Première contrainte, celle juridique, qui est double et cumulative:
-Apporter la preuve de l’existence d’une infraction d’origine.
-Caractériser l’élément moral du blanchisseur par sa connaissance du caractère illicite de l’origine des avoirs.
Caractériser l’élément moral du blanchisseur, qui relève de l’appréciation souveraine du juge répressif, ne pose pas de réelle difficulté pratique dès lors que la grande majorité des affaires portent sur de l’auto blanchiment.
En revanche, la preuve de l’existence d’une infraction d’origine est plus compliquer à prouver.
En dehors des affaires simples portant sur des personnes transportant de l’argent sur eux dont l’origine est illicite, les organes répressifs et de contrôles sont confrontés à des mécanismes frauduleux extrêmement complexes.
Monsieur Alban GENAIS, Directeur par intérim de TRACFIN, nous faisait des aveux lors du colloque du 15 mars 2024.
Il nous disait que pour les affaires les plus importantes, le blanchisseur ne connait pas l’auteur de l’infraction initiale.
Et pour les affaires les plus complexes, il n’est pas possible de retracer tous les flux, souvent internationaux et donc de pouvoir connaitre le véritable auteur du délit sous-jacent.
Le blanchisseur devient donc un simple pion piloté par des criminels basés à l’étranger qui eux même sont pilotés par d’autres criminels pilotés depuis encore un autre pays.
Il faut l’avouer, la preuve de l’infraction d’origine aux fins d’accuser un blanchisseur peut être un exercice complexe voire impossible dans certains cas.
C’est dans ce contexte qu’est né la loi du 6 décembre 2013[1] portant sur la notion de présomption de blanchiment.
Codifié à l’article 324-1-1 du Code pénal, la charge de la preuve du blanchiment est dès lors inversée.
Cet article facilite la preuve pour l’autorité de poursuite et les juridictions de jugement en énonçant une présomption d’origine illicite de l’objet du blanchiment.
Vient donc la question de son champ d’application qui divise encore la doctrine.
Certains voient l’application de l’article 324-1-1 du Code pénal uniquement pour la seconde forme du blanchiment alors que d’autres entendent la voir appliquer aux deux variantes du blanchiment visée par l’article 324-1 du Code pénal.
Quoi qu’il en soit, c’est désormais au prévenu de s’expliquer sur l’infraction initiale qu’il n’aurait pas commise ou pire, qu’il dit ignorer.
Difficile exercice pour la défense ? Prouver ce qui n’existe pas ?
La notion de preuve contraire étant admise, l’article 324-1-1 du code pénal répond aux exigences conventionnelles et constitutionnelles.

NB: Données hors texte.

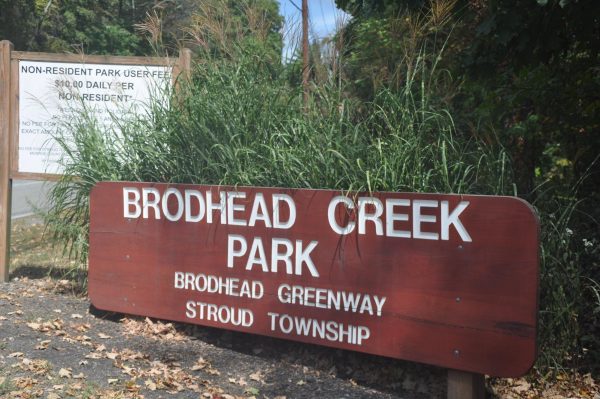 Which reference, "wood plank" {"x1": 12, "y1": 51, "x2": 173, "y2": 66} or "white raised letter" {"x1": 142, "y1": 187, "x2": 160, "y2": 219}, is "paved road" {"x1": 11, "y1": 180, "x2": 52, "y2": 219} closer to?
"wood plank" {"x1": 12, "y1": 51, "x2": 173, "y2": 66}

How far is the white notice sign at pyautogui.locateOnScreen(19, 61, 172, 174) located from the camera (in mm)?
7449

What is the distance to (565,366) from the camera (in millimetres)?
5281

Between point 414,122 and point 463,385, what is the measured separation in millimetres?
1839

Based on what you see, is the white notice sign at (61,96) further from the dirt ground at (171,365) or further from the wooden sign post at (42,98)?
the dirt ground at (171,365)

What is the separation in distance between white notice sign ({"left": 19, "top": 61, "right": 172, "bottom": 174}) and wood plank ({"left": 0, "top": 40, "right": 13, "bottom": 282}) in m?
→ 0.14

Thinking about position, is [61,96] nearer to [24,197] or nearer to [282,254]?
[282,254]

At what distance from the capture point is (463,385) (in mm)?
4574

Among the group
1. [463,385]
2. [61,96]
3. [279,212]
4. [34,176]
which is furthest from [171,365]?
[61,96]

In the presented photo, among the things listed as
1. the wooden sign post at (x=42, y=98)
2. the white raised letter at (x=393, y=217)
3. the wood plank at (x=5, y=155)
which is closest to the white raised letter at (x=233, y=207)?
the white raised letter at (x=393, y=217)

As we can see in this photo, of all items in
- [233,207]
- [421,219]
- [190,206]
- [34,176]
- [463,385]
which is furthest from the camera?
[34,176]

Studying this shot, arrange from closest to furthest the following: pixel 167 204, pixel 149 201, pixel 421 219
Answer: pixel 421 219, pixel 167 204, pixel 149 201

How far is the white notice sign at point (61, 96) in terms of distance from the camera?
7449mm

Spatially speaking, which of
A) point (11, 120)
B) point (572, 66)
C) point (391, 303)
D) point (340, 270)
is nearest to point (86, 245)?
point (11, 120)

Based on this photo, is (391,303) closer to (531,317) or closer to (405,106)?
(531,317)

La Cour de justice de l’UE l’a déjà consacrée en son principe.
Irréfragabilité de la preuve amène le prévenu à devoir expliquer sa richesse acquise par la voie économique ou patrimoniale.

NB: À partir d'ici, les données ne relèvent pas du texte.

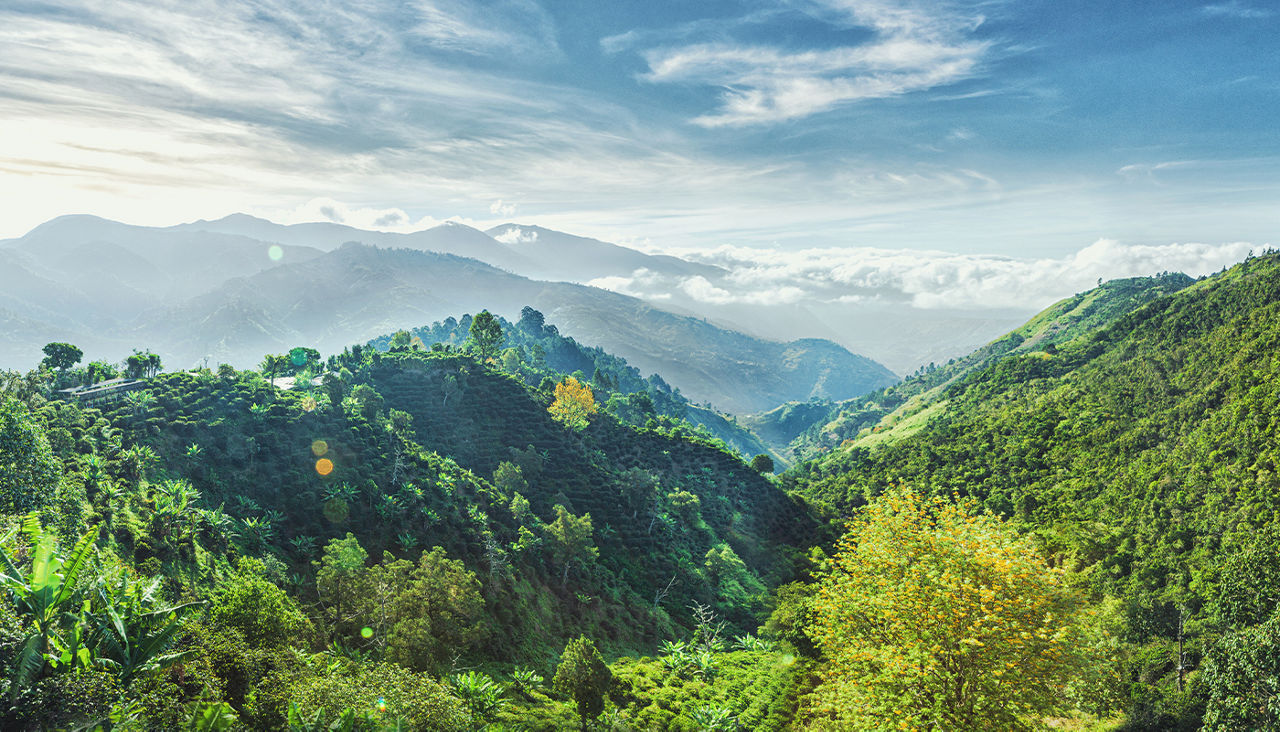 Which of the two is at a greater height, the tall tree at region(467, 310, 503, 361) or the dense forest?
the tall tree at region(467, 310, 503, 361)

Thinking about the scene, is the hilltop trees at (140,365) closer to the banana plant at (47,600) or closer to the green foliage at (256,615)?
the green foliage at (256,615)

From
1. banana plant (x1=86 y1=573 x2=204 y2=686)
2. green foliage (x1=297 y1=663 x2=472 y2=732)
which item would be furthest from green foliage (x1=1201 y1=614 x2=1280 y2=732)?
banana plant (x1=86 y1=573 x2=204 y2=686)

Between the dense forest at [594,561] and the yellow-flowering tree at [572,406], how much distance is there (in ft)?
1.75

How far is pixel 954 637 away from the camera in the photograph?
77.4 feet

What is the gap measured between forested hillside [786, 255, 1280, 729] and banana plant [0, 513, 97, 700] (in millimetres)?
37213

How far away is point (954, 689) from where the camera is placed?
75.9ft

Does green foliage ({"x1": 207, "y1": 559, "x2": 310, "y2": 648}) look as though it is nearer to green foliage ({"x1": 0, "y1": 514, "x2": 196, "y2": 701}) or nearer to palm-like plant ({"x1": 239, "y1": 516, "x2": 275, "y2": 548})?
green foliage ({"x1": 0, "y1": 514, "x2": 196, "y2": 701})

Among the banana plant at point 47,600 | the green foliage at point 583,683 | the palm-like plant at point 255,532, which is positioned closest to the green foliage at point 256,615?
the banana plant at point 47,600

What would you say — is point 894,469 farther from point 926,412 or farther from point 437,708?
point 437,708

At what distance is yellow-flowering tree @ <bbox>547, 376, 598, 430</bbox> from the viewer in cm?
10069

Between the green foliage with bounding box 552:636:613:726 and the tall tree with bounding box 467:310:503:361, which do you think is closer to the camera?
the green foliage with bounding box 552:636:613:726

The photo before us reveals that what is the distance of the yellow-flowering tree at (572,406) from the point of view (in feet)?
330

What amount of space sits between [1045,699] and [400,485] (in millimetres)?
60623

Certains évoquerons le gain au jeu mais je doute fortement que cela suffise pour emporter la conviction du juge répressif.
Le juge pénal étant le garant d’un bon fonctionnement du procès vérifie que le prévenu a pu apporter la preuve contraire à cette présomption simple de blanchiment par des éléments probants et cohérents.

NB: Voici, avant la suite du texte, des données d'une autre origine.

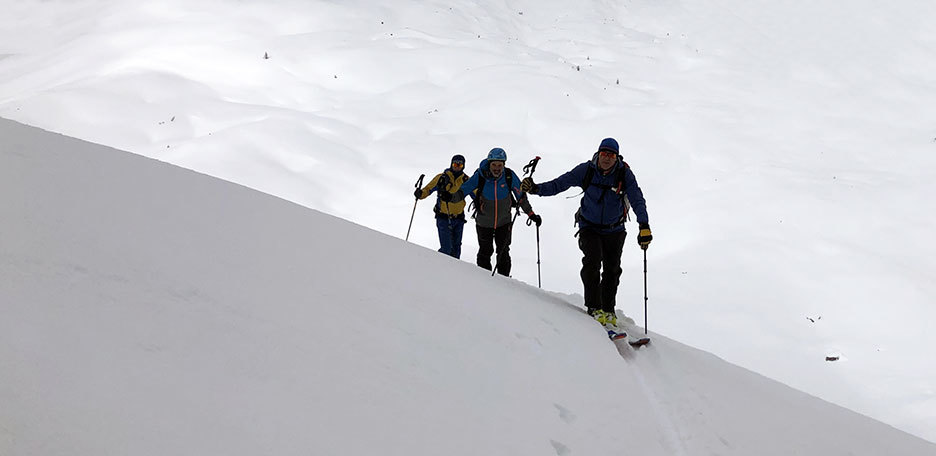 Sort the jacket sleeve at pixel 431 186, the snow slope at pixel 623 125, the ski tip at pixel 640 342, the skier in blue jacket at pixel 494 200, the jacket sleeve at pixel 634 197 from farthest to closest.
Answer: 1. the snow slope at pixel 623 125
2. the jacket sleeve at pixel 431 186
3. the skier in blue jacket at pixel 494 200
4. the jacket sleeve at pixel 634 197
5. the ski tip at pixel 640 342

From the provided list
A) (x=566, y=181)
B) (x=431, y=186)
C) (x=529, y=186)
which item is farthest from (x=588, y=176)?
(x=431, y=186)

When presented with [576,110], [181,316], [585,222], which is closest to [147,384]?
[181,316]

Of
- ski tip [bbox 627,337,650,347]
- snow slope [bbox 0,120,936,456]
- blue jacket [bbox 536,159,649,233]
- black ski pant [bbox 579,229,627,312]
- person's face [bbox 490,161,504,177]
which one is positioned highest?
person's face [bbox 490,161,504,177]

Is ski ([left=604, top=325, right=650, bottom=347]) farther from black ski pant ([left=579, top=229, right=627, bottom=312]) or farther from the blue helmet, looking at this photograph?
the blue helmet

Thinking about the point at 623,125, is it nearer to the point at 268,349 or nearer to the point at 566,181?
the point at 566,181

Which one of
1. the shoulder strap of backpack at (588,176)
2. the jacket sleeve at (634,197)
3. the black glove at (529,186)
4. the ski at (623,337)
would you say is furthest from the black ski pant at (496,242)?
the ski at (623,337)

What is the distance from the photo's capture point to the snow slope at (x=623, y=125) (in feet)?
32.9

Les praticiens lèvent les yeux au ciel en se rappelant que leur dernier dossier n’a pas emporter la conviction du juge pénal.
Je les comprends et je lève moi aussi les yeux au ciel quand je pense à mon dernier client, ayant fait sa fortune à l’étranger, dans un pays en voie de développement, qui m’a semblé avoir déjà été condamné avant même qu’il expose la preuve contraire faisant obstacle à cette présomption de blanchiment.
Ce même homme qui a vu son patrimoine confisqué, dès le début de l’enquête, sur de simples présomptions de blanchiment.
Comme je le soulignais au début de mon intervention, l’immobilier est un terrain fertile pour placer son argent sale.
Schématiquement, le blanchiment dans l’immobilier peut se matérialiser de deux manières.
Soit, nous sommes en présence d’un blanchisseur qui a brillement maquillé sa demande de prêt bancaire par de faux documents (faux contrats de travail, faux relevés bancaires) et qui entend rembourser la banque par de l’argent sale.
Puis, cette personne prétextera à son créancier qu’il a été muté à l’étranger et justifiera ainsi les flux internationaux permettant de rembourser le prêt bancaire par de l’argent sale.
Soit, nous sommes en présence d’un blanchisseur qui n’entend pas faire de prêt bancaire, disposant d’un capital important pour acquérir un bien immobilier mais qui au regard d’un faisceau d’indice représente une véritable menace.
Je traiterai dans le cadre de mon intervention uniquement de ce second profil de blanchisseur.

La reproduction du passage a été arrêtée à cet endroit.